The expansion of "non-smoking" areas seems excessive. Inclusion of "bus stops" for instance, as well as creation of 20-foot non-smoking buffer zones around buildings, seems both exceptionally restrictive, and impossible to enforce. Of particular concern to the committee was the inclusion of "Forest Park" apartments in the "non-smoking" areas. These apartments, which are the private residences for married graduate students, for many international students, and some UNH faculty, ought to be beyond the surveillance of the smoking policy. Moreover, since many international students may have differing views about smoking, the policy seems contrary to our widely professed ideas about tolerance of diversity. In addition, implementation of the policy may violate current lease agreements at Forest Park that permit smoking.
The proposed policy enlists "All members of the UNH community" in the surveillance and reporting of smoking policy violations. The likely reluctance of many students, faculty members, and staff to act in this regard toward fellow members of the community will make the policy ineffective and essentially unenforceable.
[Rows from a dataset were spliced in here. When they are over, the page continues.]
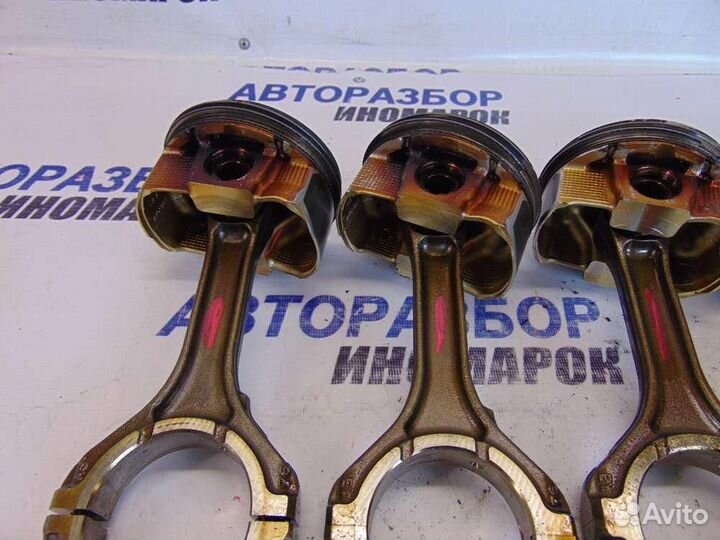 Поршень с шатуном для Infiniti QX 70 2013г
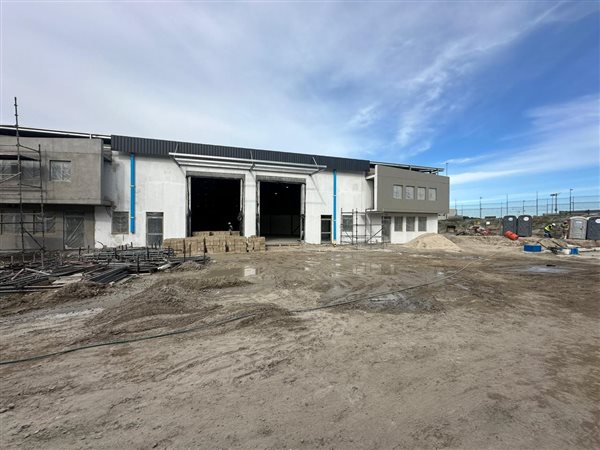 1 218  m² Industrial space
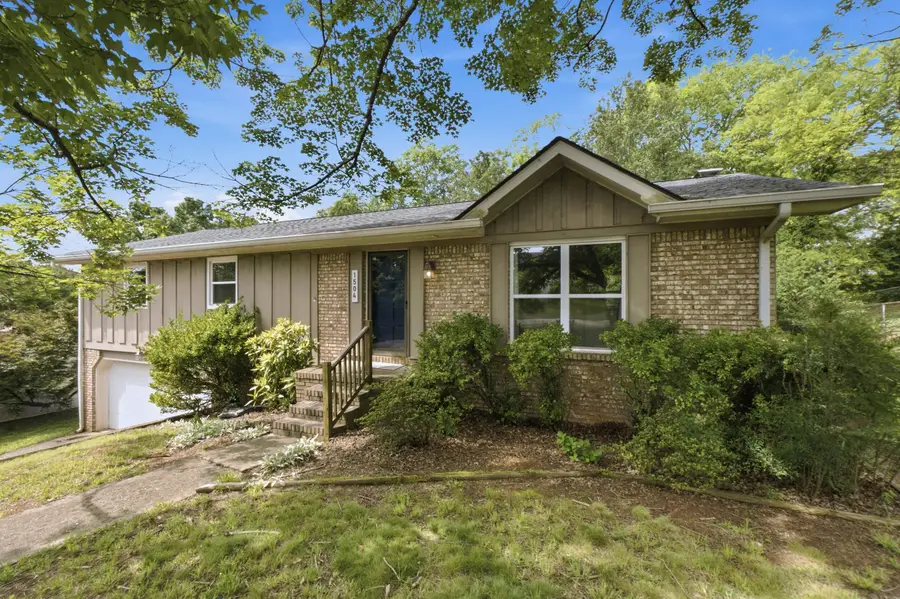 1504 Ridge Point Road, Hixson, TN 37343 - #2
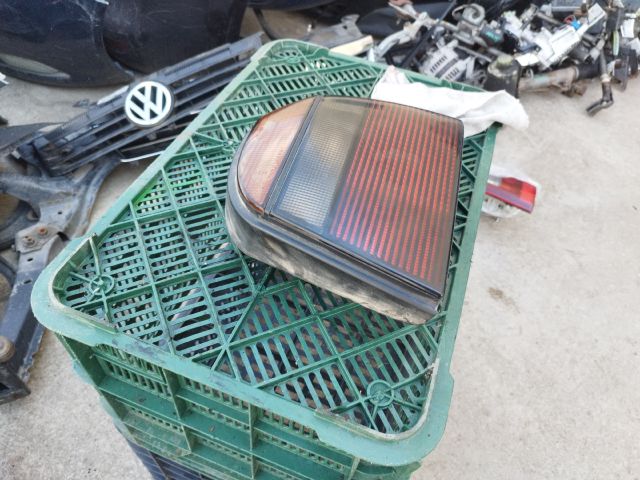 bontott VW GOLF III Jobb Hátsó Lámpa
In particular, the policy assigns to "Deans, Directors, and Department Heads [Department Chairpersons]" the enforcement duty and police function of assuring "that rooms, facilities, or other areas under their jurisdiction are controlled as 'non-smoking' areas as appropriate." We view this as an unnecessary and unwelcome expansion of the surveillance role of administrators and supervisors over the employees and students in their charge.
In the view of the attorney for the AAUP, "a new smoking policy that is discretionary, rather than a response to legal requirements, is a change in terms and conditions of employment that cannot be unilaterally imposed on tenure-track faculty. To the extent a new policy would apply to our bargaining unit, it's a bargainable issue."
The policy does not indicate whether the University intends to sell any holdings it may have in tobacco company stock.